- **Exercise**
Each line from the one containing "祛疤印淡化黑色素疤痕增生凸起非去除疙瘩妊娠纹修复疤痕凝胶膏zy" through the last line of the records below is to be set down exactly; the rest stays out.
——————
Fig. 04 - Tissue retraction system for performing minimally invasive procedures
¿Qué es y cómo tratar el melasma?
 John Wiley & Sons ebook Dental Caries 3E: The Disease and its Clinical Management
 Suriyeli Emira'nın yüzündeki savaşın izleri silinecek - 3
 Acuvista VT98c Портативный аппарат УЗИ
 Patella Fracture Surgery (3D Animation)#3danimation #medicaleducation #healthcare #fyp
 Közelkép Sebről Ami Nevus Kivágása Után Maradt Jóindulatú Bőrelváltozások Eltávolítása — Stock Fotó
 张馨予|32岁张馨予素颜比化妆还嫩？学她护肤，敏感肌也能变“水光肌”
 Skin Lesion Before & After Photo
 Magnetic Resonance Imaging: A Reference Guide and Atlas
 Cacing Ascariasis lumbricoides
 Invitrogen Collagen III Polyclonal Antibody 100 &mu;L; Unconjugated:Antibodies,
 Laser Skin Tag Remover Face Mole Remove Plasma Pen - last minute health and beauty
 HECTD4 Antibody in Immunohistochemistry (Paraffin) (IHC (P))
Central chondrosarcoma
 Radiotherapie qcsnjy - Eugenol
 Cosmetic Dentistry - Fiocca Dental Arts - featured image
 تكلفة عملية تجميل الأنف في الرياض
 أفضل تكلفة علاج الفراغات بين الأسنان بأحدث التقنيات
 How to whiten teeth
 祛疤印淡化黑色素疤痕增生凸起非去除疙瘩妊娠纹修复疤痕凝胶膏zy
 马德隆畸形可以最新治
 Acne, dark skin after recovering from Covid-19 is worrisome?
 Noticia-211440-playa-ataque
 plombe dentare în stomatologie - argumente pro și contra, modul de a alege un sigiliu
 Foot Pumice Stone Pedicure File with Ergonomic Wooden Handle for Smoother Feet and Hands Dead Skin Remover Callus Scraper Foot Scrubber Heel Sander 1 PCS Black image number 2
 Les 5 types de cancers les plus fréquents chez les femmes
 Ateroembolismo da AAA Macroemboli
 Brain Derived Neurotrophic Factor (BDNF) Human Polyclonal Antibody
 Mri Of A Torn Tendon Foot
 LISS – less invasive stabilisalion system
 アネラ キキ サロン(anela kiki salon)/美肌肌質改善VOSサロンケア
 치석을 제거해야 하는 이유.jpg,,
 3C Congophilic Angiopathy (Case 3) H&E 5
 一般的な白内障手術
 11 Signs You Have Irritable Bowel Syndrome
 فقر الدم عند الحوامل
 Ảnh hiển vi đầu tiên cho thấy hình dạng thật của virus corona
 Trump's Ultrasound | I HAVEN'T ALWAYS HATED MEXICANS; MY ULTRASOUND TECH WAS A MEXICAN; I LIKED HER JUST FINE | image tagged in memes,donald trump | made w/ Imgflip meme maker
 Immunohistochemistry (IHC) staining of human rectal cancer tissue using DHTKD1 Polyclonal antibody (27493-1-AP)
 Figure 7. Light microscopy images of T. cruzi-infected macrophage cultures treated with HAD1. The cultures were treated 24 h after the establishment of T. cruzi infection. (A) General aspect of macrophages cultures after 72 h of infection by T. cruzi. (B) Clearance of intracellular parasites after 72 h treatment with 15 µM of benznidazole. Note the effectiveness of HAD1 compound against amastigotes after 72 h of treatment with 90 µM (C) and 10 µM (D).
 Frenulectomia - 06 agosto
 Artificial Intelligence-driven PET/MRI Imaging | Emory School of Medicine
——————
- **Exercise result**
 祛疤印淡化黑色素疤痕增生凸起非去除疙瘩妊娠纹修复疤痕凝胶膏zy
 马德隆畸形可以最新治
 Acne, dark skin after recovering from Covid-19 is worrisome?
 Noticia-211440-playa-ataque
 plombe dentare în stomatologie - argumente pro și contra, modul de a alege un sigiliu
 Foot Pumice Stone Pedicure File with Ergonomic Wooden Handle for Smoother Feet and Hands Dead Skin Remover Callus Scraper Foot Scrubber Heel Sander 1 PCS Black image number 2
 Les 5 types de cancers les plus fréquents chez les femmes
 Ateroembolismo da AAA Macroemboli
 Brain Derived Neurotrophic Factor (BDNF) Human Polyclonal Antibody
 Mri Of A Torn Tendon Foot
 LISS – less invasive stabilisalion system
 アネラ キキ サロン(anela kiki salon)/美肌肌質改善VOSサロンケア
 치석을 제거해야 하는 이유.jpg,,
 3C Congophilic Angiopathy (Case 3) H&E 5
 一般的な白内障手術
 11 Signs You Have Irritable Bowel Syndrome
 فقر الدم عند الحوامل
 Ảnh hiển vi đầu tiên cho thấy hình dạng thật của virus corona
 Trump's Ultrasound | I HAVEN'T ALWAYS HATED MEXICANS; MY ULTRASOUND TECH WAS A MEXICAN; I LIKED HER JUST FINE | image tagged in memes,donald trump | made w/ Imgflip meme maker
 Immunohistochemistry (IHC) staining of human rectal cancer tissue using DHTKD1 Polyclonal antibody (27493-1-AP)
 Figure 7. Light microscopy images of T. cruzi-infected macrophage cultures treated with HAD1. The cultures were treated 24 h after the establishment of T. cruzi infection. (A) General aspect of macrophages cultures after 72 h of infection by T. cruzi. (B) Clearance of intracellular parasites after 72 h treatment with 15 µM of benznidazole. Note the effectiveness of HAD1 compound against amastigotes after 72 h of treatment with 90 µM (C) and 10 µM (D).
 Frenulectomia - 06 agosto
 Artificial Intelligence-driven PET/MRI Imaging | Emory School of Medicine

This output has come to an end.